Hops are naturally gluten free. The hop plant (a flowering vine, not a grain) does not produce the proteins that form gluten. If you’re following a gluten-free diet and wondering whether hops themselves are safe, the short answer is yes. The confusion comes from the fact that hops are most commonly associated with beer, and beer almost always contains gluten from other ingredients.
Why Hops Don’t Contain Gluten
Gluten is a group of proteins found specifically in certain cereal grains: wheat, barley, and rye. Hops are the cone-shaped flowers of a climbing vine. They belong to an entirely different plant family than these grains and don’t produce the gluten-forming proteins (gliadin and glutenin) that cause problems for people with celiac disease or gluten sensitivity.
When researchers study the proteins present in beer wort, the gluten they find traces back to the barley malt used in brewing, not the hops. Hops are added purely for flavor and bitterness. They contribute aromatic compounds, not storage proteins like grains do.
Where the Gluten in Beer Actually Comes From
Beer is typically brewed with four main ingredients: water, yeast, hops, and grain. The grain, most often barley, serves as the sugar source that yeast ferments into alcohol. Barley contains gluten, and so do wheat and rye, which are also common brewing grains. This is why standard beer is not safe for people avoiding gluten, even though one of its key ingredients (hops) is perfectly fine on its own.
If you see hops listed on a product label for something other than beer, like a hop-flavored tea, a supplement, or a hop extract, the hops themselves aren’t a gluten concern. The question is always whether the product also contains a gluten-containing grain or was processed on shared equipment.
Hops in Gluten-Free Beer
Gluten-free beers do exist, and many of them still use hops. These beers simply swap the barley or wheat for a gluten-free grain like sorghum, rice, millet, or buckwheat. The hops stay in the recipe because they’re what give beer its characteristic bitterness and aroma. So even in a certified gluten-free beer, hops are a standard ingredient.

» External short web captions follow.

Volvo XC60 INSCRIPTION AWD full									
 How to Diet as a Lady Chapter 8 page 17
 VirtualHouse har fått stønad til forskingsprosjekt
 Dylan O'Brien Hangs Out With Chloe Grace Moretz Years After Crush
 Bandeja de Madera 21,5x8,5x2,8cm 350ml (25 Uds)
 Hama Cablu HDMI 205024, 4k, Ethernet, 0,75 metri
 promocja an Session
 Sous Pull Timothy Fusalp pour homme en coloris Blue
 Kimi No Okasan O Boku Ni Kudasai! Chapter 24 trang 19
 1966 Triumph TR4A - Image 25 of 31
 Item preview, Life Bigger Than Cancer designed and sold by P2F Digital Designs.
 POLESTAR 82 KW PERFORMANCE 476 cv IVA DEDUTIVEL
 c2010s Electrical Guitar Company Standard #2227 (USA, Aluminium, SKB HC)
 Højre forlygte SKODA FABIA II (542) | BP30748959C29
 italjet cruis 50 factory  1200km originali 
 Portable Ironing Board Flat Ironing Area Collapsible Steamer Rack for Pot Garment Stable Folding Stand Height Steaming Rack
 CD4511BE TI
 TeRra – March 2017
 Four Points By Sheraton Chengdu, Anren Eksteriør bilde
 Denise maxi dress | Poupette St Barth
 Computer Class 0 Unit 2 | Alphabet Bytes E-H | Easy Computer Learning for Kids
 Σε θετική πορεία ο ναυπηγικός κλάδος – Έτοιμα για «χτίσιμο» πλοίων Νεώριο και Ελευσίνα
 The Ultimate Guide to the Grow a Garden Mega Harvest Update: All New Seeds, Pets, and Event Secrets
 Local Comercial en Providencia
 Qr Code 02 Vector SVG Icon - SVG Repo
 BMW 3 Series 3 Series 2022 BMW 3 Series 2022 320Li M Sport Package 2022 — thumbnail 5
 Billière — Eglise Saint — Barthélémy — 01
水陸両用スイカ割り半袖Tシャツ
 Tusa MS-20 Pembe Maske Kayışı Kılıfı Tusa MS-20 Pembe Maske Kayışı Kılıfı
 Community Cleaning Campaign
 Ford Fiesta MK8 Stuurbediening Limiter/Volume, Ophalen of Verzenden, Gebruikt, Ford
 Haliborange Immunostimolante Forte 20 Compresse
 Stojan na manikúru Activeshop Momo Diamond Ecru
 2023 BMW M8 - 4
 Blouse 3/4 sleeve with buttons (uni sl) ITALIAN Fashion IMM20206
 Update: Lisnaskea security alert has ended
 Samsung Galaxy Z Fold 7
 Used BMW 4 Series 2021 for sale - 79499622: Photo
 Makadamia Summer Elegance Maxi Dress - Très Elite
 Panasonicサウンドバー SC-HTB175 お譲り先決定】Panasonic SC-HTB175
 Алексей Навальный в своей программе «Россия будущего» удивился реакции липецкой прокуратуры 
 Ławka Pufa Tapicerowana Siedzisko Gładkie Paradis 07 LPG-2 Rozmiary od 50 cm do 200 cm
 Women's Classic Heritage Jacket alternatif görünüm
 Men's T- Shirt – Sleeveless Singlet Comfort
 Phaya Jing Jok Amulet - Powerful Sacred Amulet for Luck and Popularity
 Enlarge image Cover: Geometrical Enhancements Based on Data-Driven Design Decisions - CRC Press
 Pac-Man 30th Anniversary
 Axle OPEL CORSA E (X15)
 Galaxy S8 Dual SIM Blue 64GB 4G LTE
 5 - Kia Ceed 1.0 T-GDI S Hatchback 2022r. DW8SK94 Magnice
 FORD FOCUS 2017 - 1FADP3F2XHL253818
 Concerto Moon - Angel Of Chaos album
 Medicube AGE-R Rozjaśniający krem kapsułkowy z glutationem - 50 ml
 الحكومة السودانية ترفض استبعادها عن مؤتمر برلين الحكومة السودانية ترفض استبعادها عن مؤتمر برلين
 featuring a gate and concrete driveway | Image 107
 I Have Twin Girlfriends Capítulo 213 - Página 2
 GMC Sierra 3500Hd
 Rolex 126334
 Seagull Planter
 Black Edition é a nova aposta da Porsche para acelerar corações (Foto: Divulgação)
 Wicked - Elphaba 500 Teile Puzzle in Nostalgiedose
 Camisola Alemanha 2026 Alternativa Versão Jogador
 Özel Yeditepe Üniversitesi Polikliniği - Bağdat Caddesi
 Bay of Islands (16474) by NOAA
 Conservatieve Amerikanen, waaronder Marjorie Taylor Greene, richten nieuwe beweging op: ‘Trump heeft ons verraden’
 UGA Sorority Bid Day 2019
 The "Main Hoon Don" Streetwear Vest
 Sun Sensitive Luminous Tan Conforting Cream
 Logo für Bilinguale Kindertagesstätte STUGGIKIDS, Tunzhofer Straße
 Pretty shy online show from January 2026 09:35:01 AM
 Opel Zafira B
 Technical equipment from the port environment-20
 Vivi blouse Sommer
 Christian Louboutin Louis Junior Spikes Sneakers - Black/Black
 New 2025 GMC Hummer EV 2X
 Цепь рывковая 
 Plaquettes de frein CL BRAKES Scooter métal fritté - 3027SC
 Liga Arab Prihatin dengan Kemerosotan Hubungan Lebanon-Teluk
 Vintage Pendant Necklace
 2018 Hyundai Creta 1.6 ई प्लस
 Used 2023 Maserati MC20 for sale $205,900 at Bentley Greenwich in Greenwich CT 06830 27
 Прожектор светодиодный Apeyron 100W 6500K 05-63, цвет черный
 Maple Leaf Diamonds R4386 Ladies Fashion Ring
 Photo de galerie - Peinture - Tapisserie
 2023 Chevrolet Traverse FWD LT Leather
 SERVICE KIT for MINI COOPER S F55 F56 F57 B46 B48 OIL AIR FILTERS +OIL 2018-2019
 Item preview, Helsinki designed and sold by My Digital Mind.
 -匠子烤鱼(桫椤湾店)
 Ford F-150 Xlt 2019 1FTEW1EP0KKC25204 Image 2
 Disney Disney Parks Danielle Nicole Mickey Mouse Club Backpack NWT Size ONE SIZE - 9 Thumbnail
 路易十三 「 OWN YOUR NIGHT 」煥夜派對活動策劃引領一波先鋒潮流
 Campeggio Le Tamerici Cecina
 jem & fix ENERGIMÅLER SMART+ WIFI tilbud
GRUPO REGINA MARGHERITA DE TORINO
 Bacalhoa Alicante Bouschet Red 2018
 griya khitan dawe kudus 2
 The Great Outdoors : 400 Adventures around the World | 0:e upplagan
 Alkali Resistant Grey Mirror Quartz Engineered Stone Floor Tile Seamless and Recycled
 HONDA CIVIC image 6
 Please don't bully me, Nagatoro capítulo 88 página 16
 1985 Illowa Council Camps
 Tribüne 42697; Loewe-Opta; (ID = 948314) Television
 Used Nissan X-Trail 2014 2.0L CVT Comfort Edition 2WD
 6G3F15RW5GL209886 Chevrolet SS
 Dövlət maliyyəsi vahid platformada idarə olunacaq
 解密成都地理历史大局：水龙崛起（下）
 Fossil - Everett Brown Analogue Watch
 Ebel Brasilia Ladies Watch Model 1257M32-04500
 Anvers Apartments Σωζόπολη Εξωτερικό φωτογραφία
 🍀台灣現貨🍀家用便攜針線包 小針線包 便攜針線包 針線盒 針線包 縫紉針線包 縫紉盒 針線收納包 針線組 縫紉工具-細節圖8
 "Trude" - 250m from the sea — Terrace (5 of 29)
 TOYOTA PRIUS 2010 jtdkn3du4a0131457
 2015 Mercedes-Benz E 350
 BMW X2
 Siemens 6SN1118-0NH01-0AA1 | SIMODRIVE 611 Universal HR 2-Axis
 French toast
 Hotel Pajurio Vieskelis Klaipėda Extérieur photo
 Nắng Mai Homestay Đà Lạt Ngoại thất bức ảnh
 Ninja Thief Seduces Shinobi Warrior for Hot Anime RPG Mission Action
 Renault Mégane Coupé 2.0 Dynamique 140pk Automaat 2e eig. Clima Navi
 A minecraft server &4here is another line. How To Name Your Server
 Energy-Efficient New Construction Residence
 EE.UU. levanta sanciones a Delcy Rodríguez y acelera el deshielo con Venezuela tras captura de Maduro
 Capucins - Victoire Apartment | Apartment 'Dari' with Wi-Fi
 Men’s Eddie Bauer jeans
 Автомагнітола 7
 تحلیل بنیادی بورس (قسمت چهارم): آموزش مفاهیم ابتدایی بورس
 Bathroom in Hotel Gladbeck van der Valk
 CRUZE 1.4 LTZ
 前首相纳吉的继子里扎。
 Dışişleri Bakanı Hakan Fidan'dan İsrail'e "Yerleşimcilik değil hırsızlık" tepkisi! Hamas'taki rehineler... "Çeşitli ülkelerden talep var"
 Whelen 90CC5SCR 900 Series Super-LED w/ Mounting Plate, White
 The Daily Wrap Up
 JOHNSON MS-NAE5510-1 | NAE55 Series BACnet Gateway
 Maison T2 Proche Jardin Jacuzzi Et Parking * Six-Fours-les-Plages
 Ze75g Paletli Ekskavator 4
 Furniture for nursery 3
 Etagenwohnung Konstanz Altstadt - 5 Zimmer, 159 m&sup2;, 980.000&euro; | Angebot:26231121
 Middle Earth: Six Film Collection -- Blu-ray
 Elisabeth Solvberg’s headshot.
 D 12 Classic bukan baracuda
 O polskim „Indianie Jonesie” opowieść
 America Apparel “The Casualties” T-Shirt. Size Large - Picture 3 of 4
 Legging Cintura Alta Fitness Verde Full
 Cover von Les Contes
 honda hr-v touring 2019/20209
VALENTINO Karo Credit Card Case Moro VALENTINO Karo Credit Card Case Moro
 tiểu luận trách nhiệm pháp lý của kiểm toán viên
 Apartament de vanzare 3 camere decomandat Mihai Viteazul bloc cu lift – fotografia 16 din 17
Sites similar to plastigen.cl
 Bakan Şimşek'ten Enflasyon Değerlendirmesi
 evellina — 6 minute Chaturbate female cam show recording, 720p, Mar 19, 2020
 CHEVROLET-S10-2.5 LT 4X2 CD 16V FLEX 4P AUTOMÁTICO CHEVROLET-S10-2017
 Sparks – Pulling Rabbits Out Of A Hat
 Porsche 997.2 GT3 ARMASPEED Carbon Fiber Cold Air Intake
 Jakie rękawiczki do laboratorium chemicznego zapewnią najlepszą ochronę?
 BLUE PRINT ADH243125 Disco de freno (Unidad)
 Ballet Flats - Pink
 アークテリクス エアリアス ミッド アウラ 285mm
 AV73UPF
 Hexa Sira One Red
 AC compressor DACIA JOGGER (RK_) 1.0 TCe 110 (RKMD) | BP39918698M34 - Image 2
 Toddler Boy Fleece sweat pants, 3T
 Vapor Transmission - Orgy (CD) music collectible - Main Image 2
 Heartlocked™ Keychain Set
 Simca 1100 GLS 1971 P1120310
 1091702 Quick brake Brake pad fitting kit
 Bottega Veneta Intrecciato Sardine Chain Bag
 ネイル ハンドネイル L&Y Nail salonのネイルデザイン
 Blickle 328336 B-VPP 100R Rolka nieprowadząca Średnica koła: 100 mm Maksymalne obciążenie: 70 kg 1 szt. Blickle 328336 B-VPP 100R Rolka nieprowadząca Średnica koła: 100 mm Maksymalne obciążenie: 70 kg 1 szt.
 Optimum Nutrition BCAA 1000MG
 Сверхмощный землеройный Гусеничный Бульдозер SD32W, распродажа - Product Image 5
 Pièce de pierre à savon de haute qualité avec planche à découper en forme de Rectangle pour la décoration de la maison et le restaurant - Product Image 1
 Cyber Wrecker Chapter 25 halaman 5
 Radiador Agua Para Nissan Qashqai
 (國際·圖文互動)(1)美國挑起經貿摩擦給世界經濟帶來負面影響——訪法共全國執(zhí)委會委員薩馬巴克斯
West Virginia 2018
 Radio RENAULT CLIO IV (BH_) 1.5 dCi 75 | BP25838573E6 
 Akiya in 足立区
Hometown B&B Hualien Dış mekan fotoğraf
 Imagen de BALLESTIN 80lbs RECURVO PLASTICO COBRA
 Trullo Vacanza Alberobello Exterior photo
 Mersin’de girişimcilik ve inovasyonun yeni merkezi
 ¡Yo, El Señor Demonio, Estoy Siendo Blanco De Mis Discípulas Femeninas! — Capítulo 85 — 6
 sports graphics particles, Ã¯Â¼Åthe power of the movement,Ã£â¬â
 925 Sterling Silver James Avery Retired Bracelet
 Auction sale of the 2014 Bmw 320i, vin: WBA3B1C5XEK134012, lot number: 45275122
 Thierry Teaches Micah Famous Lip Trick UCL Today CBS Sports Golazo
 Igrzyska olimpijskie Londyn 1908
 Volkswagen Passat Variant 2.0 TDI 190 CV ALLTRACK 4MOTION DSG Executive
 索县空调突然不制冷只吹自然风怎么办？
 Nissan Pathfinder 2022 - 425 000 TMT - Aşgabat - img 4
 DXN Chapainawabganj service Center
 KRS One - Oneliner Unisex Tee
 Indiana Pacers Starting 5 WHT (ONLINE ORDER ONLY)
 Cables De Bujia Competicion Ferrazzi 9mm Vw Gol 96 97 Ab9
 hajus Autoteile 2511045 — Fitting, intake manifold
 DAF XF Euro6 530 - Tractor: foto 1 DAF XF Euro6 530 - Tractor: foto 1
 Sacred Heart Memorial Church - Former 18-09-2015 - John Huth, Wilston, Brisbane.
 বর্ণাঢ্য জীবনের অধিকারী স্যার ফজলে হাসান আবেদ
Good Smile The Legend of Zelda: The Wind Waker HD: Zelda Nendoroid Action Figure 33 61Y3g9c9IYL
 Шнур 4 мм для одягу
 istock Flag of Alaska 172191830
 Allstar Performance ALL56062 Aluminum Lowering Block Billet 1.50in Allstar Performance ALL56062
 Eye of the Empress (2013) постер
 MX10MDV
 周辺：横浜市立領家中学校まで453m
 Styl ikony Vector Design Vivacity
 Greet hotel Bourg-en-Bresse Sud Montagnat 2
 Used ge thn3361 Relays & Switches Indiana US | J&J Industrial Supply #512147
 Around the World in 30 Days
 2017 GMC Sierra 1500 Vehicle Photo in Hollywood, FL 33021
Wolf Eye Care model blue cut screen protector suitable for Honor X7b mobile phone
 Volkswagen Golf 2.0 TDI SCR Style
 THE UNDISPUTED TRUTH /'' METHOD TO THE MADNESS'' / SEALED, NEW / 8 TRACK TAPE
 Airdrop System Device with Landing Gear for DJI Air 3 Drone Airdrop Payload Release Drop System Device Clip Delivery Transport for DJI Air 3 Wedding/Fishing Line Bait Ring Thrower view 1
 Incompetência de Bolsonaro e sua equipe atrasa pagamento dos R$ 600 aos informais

Some beers are labeled “gluten-reduced” rather than “gluten-free.” These start with barley but use enzymes to break down gluten proteins during brewing. They’re a different category. The FDA requires foods labeled “gluten-free” to contain fewer than 20 parts per million of gluten, the lowest level that can be reliably measured with validated testing methods. However, most alcoholic beverages made with malted barley and hops fall under the jurisdiction of the Alcohol and Tobacco Tax and Trade Bureau rather than the FDA, which means labeling standards can differ for beer specifically.
Hop Supplements and Extracts
Hops are sometimes sold as dietary supplements, often marketed for sleep support or relaxation. In extract or capsule form, hops remain gluten free by nature. The risk, as with any supplement, is cross-contamination during manufacturing. If the same facility processes wheat or barley products, trace amounts could end up in the final product. Look for a “gluten-free” label or a third-party certification on the packaging if this matters for your health.
Hop teas and hop-infused sparkling waters have also become more common. These products use hop flowers or hop extracts for flavor without any grain involvement, making them inherently free of gluten as long as no gluten-containing ingredients are added.
The Bottom Line on Hops and Gluten
Hops contain zero gluten. They’re a flower, not a grain, and they lack the proteins that trigger reactions in people with celiac disease or gluten sensitivity. The only reason hops get tangled up in the gluten conversation is their close association with beer, where barley and wheat are the actual sources of gluten. If you’re evaluating whether a specific product is safe, focus on the other ingredients in the recipe rather than the hops.